Port-au-Prince, le 18 juin 2026 — Le Réseau Haïtien des Journalistes Anti-Corruption (RHAJAC) a publié, ce jeudi 18 juin 2026, une note de dénonciation dans laquelle il demande l’ouverture d’une enquête approfondie sur la gestion de Lovely François, directrice générale de l’Office National d’Assurance-Vieillesse (ONA).

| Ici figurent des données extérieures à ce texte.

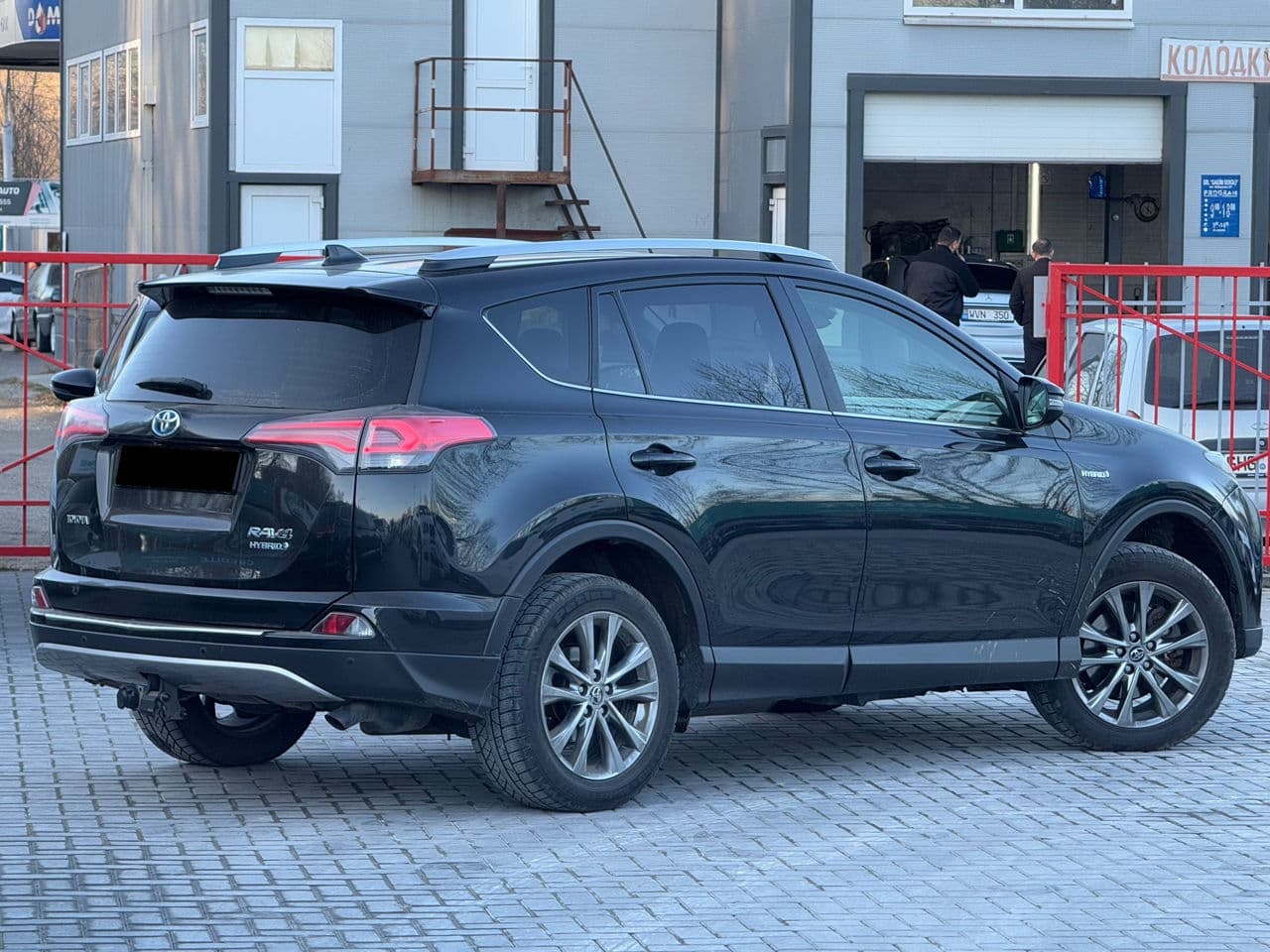 Toyota Rav-4 2018 — Миниатюра 4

Dans ce document, l’organisation affirme avoir été alertée par plusieurs informations faisant état de présumés cas de mauvaise gestion, de favoritisme et d’utilisation contestée de fonds publics au sein de l’institution. Le RHAJAC estime que ces allégations méritent d’être examinées par les organismes de contrôle compétents afin de faire toute la lumière sur les faits évoqués.
L’un des points soulevés concerne une activité organisée à l’occasion de la Fête des Mères en mai 2026. Selon les informations relayées par l’organisation, un décaissement de 14 millions de gourdes aurait été effectué dans le cadre de cet événement. Le RHAJAC affirme que des interrogations subsistent quant à l’utilisation réelle de ces fonds et demande que des vérifications indépendantes soient réalisées.
L’organisation évoque également des accusations selon lesquelles une partie de ces ressources aurait été utilisée à des fins politiques. À ce stade, aucune preuve officielle n’a été rendue publique par les autorités compétentes et aucune conclusion judiciaire n’a été annoncée concernant ces allégations.
Le RHAJAC souligne que ces accusations interviennent dans un contexte politique marqué par de nombreuses tensions liées à la transition en cours et aux débats entourant l’organisation des élections. Selon le réseau, les circonstances exigent une transparence accrue dans la gestion des institutions publiques afin d’éviter toute suspicion d’utilisation partisane des ressources de l’État.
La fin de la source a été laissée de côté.